WHEATAKE 58 SELF DETERMINATÌON: DECIDING SECONDARY EDUCATION

The following is a commentary by Dr. Charles H Wheatley.

The fourth B. V. Islander who was engaged in our struggle of and for self-determination through available education was Norwell Elton Harrigan. His fight for available secondary education locally in the 1930’s and 1940’s should not be forgotten. We tend to overlook the contributions of our forebears to our struggle for self-determination, the struggle in which we are currently engaged in the political order. More on that later.

Norwell Harrigan was a teacher in primary and secondary schools 1937-1952, Supervisor of education 1953-1956, Chief Education Officer 1957-1961 and Secretary to Government and member of the Executive and Legislative Councils 1961-1966.

Durìng the late 1930’s and 1940’s B. V. Islanders were waking up from their education slumber as they began to agitate for Secondary education within the Territory. As late as the early 1950’s parents had to send their children to St Kitts and Antigua to complete Secondary eduation. The children of parents who could not afford to pay for that schooling, although eligible, could not advance beyond the Standard Seven Examination locally. In 1938 a delegation from the Teachers Association met with the West Indian Royal Commission and delivered a petition with ten recommendations.  The following is an excerpt from an account of the struggle for secondary education by Norwell Harrigan:

“The islands marshalled their forces in 1938 and the first shot was fired before the West Indian Royal Commission. Two delegations gave evidence. One represented the Teachers Association led by Olva Flax and myself and the other, a civic organization, led by H.R. Penn and H. A. Abbott. The teachers put forward ten recommendations including the following:

1. A whole time education officer should be appointed to supervise and direct local education, and the education department constituted or organized along more effective lines.

2. Some higher school should be established to provide for industrial and academic training up to the Cambridge or Oxford certificate.

The teacher’s memorandum was really mild in tone but even before it was dispatched to the Commission, the powers that be had attempted to intimidate the delegates and indeed some of our colleagues left us by the wayside.
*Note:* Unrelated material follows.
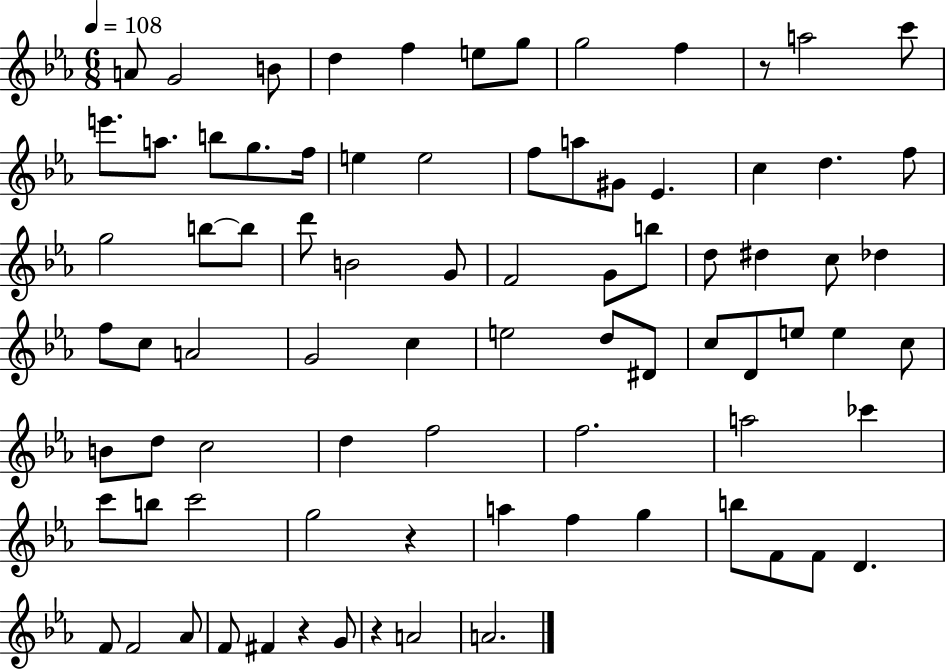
A4/e G4/h B4/e D5/q F5/q E5/e G5/e G5/h F5/q R/e A5/h C6/e E6/e. A5/e. B5/e G5/e. F5/s E5/q E5/h F5/e A5/e G#4/e Eb4/q. C5/q D5/q. F5/e G5/h B5/e B5/e D6/e B4/h G4/e F4/h G4/e B5/e D5/e D#5/q C5/e Db5/q F5/e C5/e A4/h G4/h C5/q E5/h D5/e D#4/e C5/e D4/e E5/e E5/q C5/e B4/e D5/e C5/h D5/q F5/h F5/h. A5/h CES6/q C6/e B5/e C6/h G5/h R/q A5/q F5/q G5/q B5/e F4/e F4/e D4/q. F4/e F4/h Ab4/e F4/e F#4/q R/q G4/e R/q A4/h A4/h.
But the appearance before the Commission was a triumph for two young Virgin Islanders. Sir Walter Citrine came down from the courthouse dais and put his arm around our shoulders. “Boys”, he said, ” your case was well put”. The reaction from the local dignitaries (of course of non-Virgin Islands origin) was very different and took the form of a threat. Flax escaped having been awarded a scholarship to read for a degree at Codrington College. My pay as Acting head teacher of the West End School was cut. I resigned. The dice had, however, been cast. Education had its day in court. Now a school was to be built. The material was assembled on-site, three local persons, Miss Loubelle Penn, Mr. Monroe Donovan, and I, were selected and sent away for training. By the time we returned even the material had vanished; no provision had been made for our salaries and for nearly two years we were shunted from place to place in an attempt to keep us employed. If the situation had not been pathetic it would have been amusing.

Shortly after that T. D. Green (an Oxford man) was appointed supervisor of education, and a department was established (moving education from the Methodist parson’s house,) & and headmaster of a non-existing school.  Government then decided after all four teachers were on payroll, to open a school in rented quarters.  A selection examination was held and on 3 May 1943 the Virgin Islands Senior School came into being.  The school was a new invention. The concept of a Junior Secondary School worked out by an English expert in education was followed as closely as possible. But this whole scheme was not the Virgin Islands idea of Secondary education.

In 1948 Henry Creque, Jose O’Neal, Mac Todman and I wrote in the “Torch” the organ of the Social Welfare Council:

…Instead of developing into a distinctive secondary school and working out a curriculum which was in truth and in fact secondary in that it was adjusted and determined by the needs and creative developments of these adolescent pupils, the school became a means of perpetuating a system of education which had long been in need of reform. The Senior School was not a step forward but an adventure into the dark.

The fight for a Secondary School became hotter when the Teachers Association, the Methodist Church, and the Anglican Church joined forces demanding a Secondary School against the will of the government. The dispute brought the Governor from Antigua to settle the matter and after a very heated debate the Governor agreed to establish a Secondary School in the British Virgin Islands. This came in effect in 1948.

The Territory should respect the valiant effort of Norwell Harrigan in this battle. From that seed in 1948 you now have Secondary/High School education available throughout the Territory.